Institute of Medical Psychology and Behavioral Immunobiology, Centre for Translational Neuro- and Behavioral Sciences, University Hospital Essen, University of Duisburg-Essen, Essen, Germany.
Institute for Medical Education, Centre for Translational Neuro- and Behavioral Sciences, University Hospital Essen, University of Duisburg-Essen, Essen, Germany.
Neuroimmunomodulation. 2023;30(1):250-267. doi: 10.1159/000534467. Epub 2023 Oct 5.

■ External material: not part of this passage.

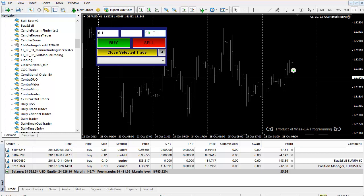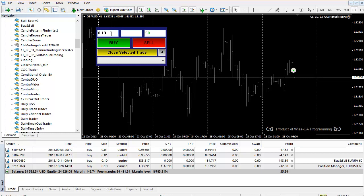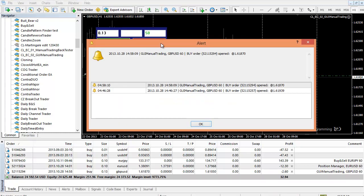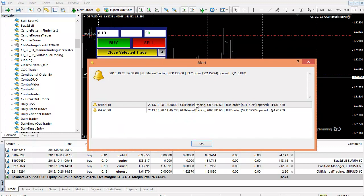I'm going to open orders without stop loss but with take profit. For lot size, we have two options: one is fix the lot size at whatever you write here, or the other option is to automatically calculate lot size based on account risk. Once you determine all these, you can hit buy or sell to open trades. For example, I just hit buy.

The immune system and the central nervous system exchange information continuously. This communication is a prerequisite for adaptive responses to physiological and psychological stressors. While the implicate relationship between inflammation and pain is increasingly recognized in clinical cohorts, the underlying mechanisms and the possibilities for pharmacological and psychological approaches aimed at neuro-immune communication in pain are not fully understood yet. This calls for preclinical models which build a bridge from clinical research to laboratory research. Experimental models of systemic inflammation (experimental endotoxemia) in humans have been increasingly recognized as an approach to study the direct and causal effects of inflammation on pain perception. This narrative review provides an overview of what experimental endotoxemia studies on pain have been able to clarify so far. We report that experimental endotoxemia results in a reproducible increase in pain sensitivity, particularly for pressure and visceral pain (deep pain), which is reflected in responses of brain areas involved in pain processing. Increased levels of blood inflammatory cytokines are required for this effect, but cytokine levels do not always predict pain intensity. We address sex-dependent differences in immunological responses to endotoxin and discuss why these differences do not necessarily translate to differences in behavioral measures. We summarize psychological and cognitive factors that may moderate pain sensitization driven by immune activation. Together, studying the immune-driven changes in pain during endotoxemia offers a deeper mechanistic understanding of the role of inflammation in chronic pain. Experimental endotoxemia models can specifically help to tease out inflammatory mechanisms underlying individual differences, vulnerabilities, and comorbid psychological problems in pain syndromes. The model offers the opportunity to test the efficacy of interventions, increasing their translational applicability for personalized medical approaches.
免疫系统和中枢神经系统持续地交换信息。这种通讯是对生理和心理应激源产生适应性反应的前提。虽然在临床队列中越来越认识到炎症和疼痛之间的隐含关系,但对于旨在针对疼痛的神经-免疫通讯的潜在机制和药理学及心理学方法的可能性还不完全了解。这就需要建立从临床研究到实验室研究的桥梁的临床前模型。人类的全身性炎症实验模型(实验性内毒素血症)已越来越被认为是研究炎症对疼痛感知的直接和因果影响的一种方法。本综述概述了迄今为止,关于疼痛的实验性内毒素血症研究能够阐明的内容。我们报告说,实验性内毒素血症会导致疼痛敏感性的可重现增加,特别是对压力和内脏疼痛(深部疼痛),这反映在参与疼痛处理的大脑区域的反应中。这种效应需要血液中炎症细胞因子水平升高,但细胞因子水平并不总是预测疼痛强度。我们讨论了免疫对内毒素的反应中的性别依赖性差异,并讨论了为什么这些差异不一定转化为行为测量的差异。我们总结了可能调节免疫激活引起的疼痛敏化的心理和认知因素。总之,研究内毒素血症期间疼痛的免疫驱动变化为炎症在慢性疼痛中的作用提供了更深入的机制理解。实验性内毒素血症模型特别有助于梳理疼痛综合征中个体差异、脆弱性和合并心理问题的炎症机制。该模型提供了测试干预措施疗效的机会,增加了它们对个性化医疗方法的转化适用性。